L’artiste vietnamienne Thu-Van-Tran expose un diorama monumental apparaissant comme un immense herbier. On y voit une série de plantes toxiques qui résultent de mutations naturelles ou réalisées de manière artificielle. Thu-Van-Tran nous invite à méditer sur notre manière de cohabiter avec ses plantes et de nous relier à elles de manière viscérale. Collectif australien, Karrabing Film Collective rassemble une trentaine de réalisateurs d’origines aborigènes.
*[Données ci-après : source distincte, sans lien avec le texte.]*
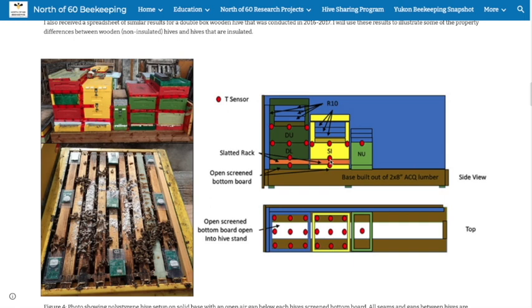Last year I had three sensors set up above the slatted rack along the center axis, to give me an idea of what the cluster would look like. Then I had one pretty much on top of the bottom board, just inside on top of the screen bottom board. This year I'm doing the same except with two singles, and I've got a double with a single spare sensor in it.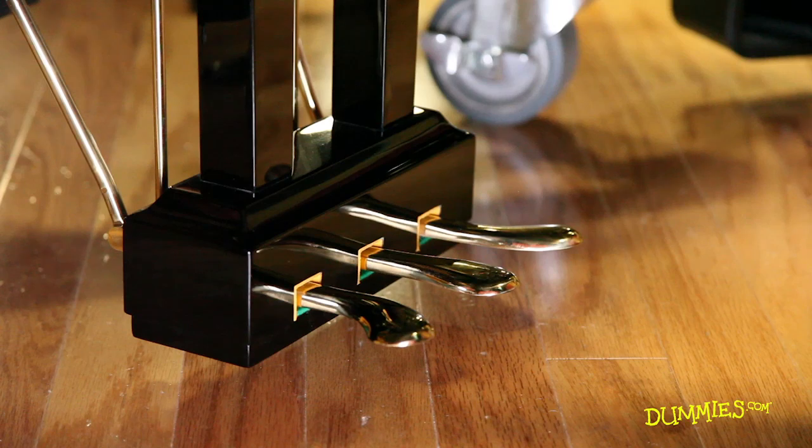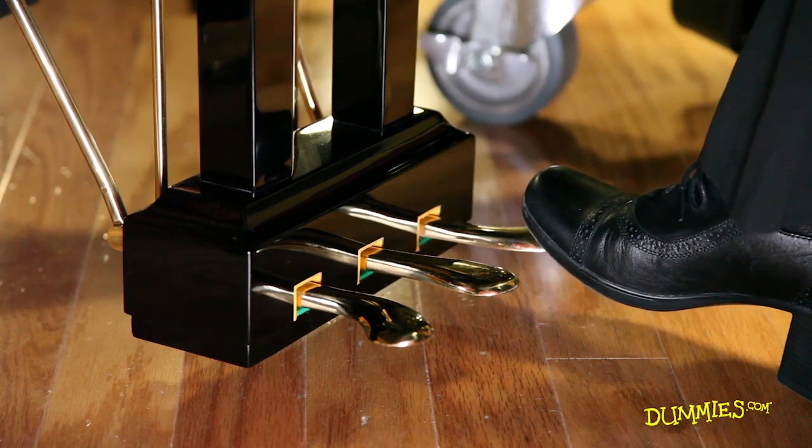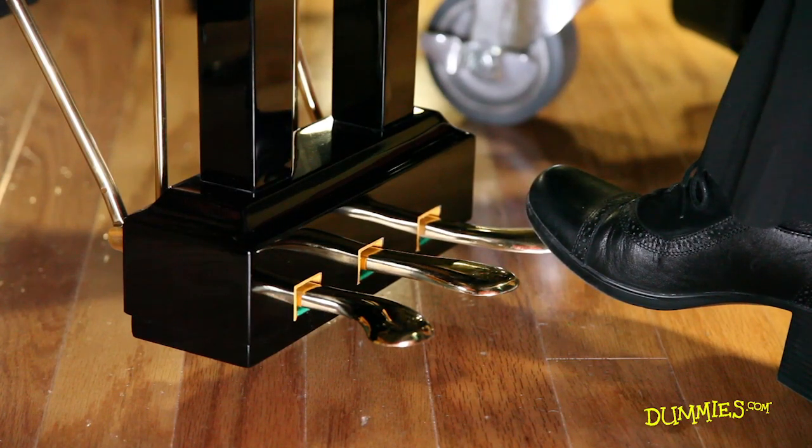While your hands are busy on the keys, your feet get to join in on the fun by depressing the pedals. On most pianos you'll find two or three pedals. The one on the far right is the damper or sustain pedal. When you use this one, the dampers move away from the strings, letting them ring until you release the pedal.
Ils présentent une vidéo intitulée The Family and the Zombie (2021) où l’on peut voir des enfants autochtones jouant ensemble en pleine jungle. Tandis qu’il se métamorphose progressivement, le paysage nous apparaît peu à peu comme un espace ravagé. Le film aborde une pensée post-coloniale et dénonce le désastre écologique provoqué par la surconsommation occidentale. Le dualisme Nature-Culture qui définit la modernité occidentale ne peut s’appliquer aux peuples amérindiens, qui opèrent une dissociation de la grande majorité des dualismes modernes : « universel et particulier, objectif et subjectif, physique et moral, fait et valeur, donné et construit, nécessité et spontanéité, immanence et transcendance, corps et esprit, animalité et humanité, et bien d’autres ». Ainsi s’opposent le multinaturalisme amérindien et le multiculturalisme moderne. 

Solange Pessoa, Cathedral, 1990-2003, cheveux, cuir, tissu , vidéo, 7’, Rubell Family Collection (Miami)
Courtesy de l’artiste & Mendes Wood DM (Bruxelles, New York, São Paulo), Crédit photo : Aurélien Mole

Issue du Minas Gerais (Brésil), Solange Pessoa dénonce les ravages causés par l’extraction du fer qui a lieu dans sa région. Inspirée par un langage animiste, ses installations constituées de terre, de mousse, de plumes, de graisse…, évoquent des formes ancestrales et tendent à nous relier au monde naturel. Agriculteurs et vignerons, Hélène Bertin et César Chevalier présentent une série de plantes rares dont les visiteurs deviennent les « pollinisateurs ». A l’étage inférieur, on découvre deux films de Laura Henno : KOROPA (2016) et DJO (2018). Réalisés à Mayotte et à Anjouan, dans l’archipel des Comores, ils évoquent un testament post-colonial. L’artiste développe un lien étroit avec les identités autochtones insulaires ainsi que leurs croyances singulières. 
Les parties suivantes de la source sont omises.